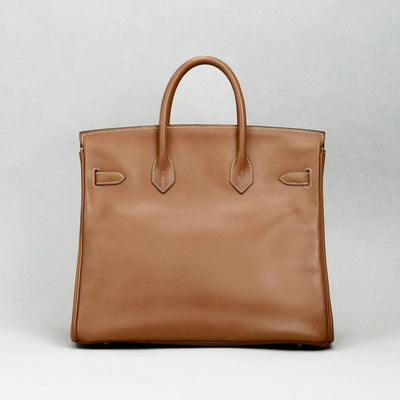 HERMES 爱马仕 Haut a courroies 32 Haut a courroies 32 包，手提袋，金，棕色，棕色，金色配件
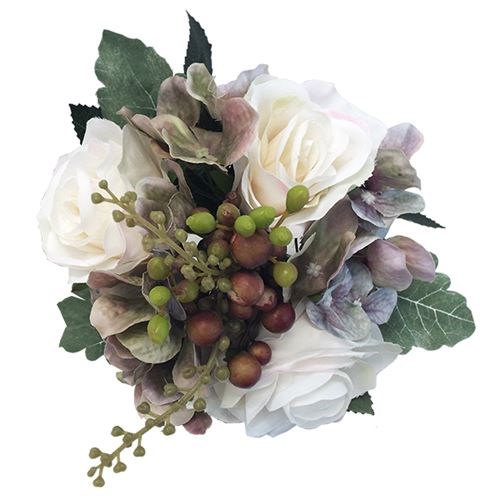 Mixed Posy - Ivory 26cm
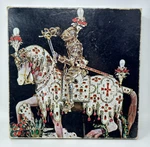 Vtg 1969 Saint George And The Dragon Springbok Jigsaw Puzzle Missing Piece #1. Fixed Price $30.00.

###

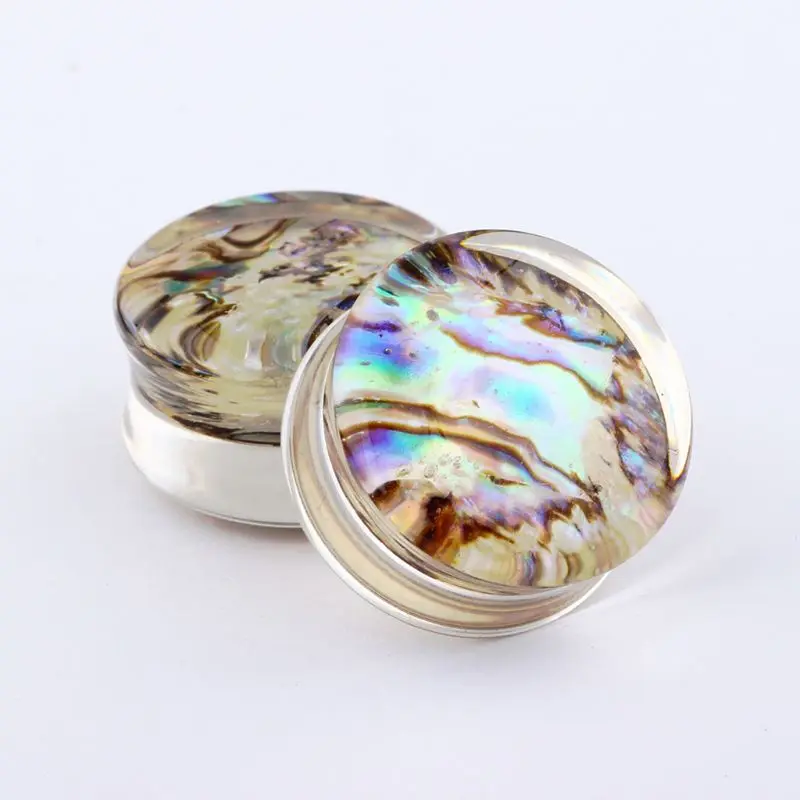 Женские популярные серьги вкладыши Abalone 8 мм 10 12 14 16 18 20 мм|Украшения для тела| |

###

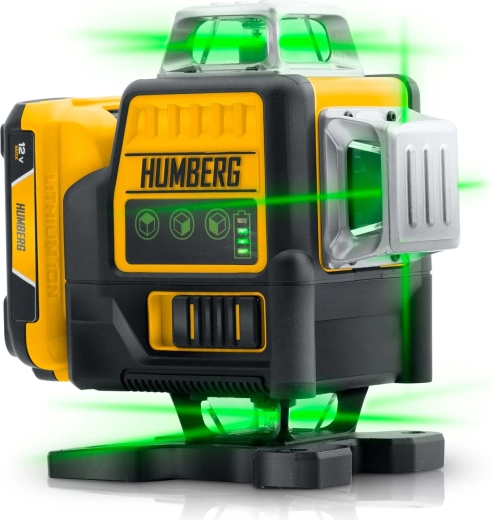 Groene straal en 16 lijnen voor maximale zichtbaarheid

###

• [Activity]
Nothing but the lines above, starting at the line that contains "HERMES 爱马仕 Haut" and ending at the line that contains "Vtg 1969 Saint", should be given again, exactly and without the pictures.

• [Written reply]
 HERMES 爱马仕 Haut a courroies 32 Haut a courroies 32 包，手提袋，金，棕色，棕色，金色配件
 Mixed Posy - Ivory 26cm
 Vtg 1969 Saint George And The Dragon Springbok Jigsaw Puzzle Missing Piece #1. Fixed Price $30.00.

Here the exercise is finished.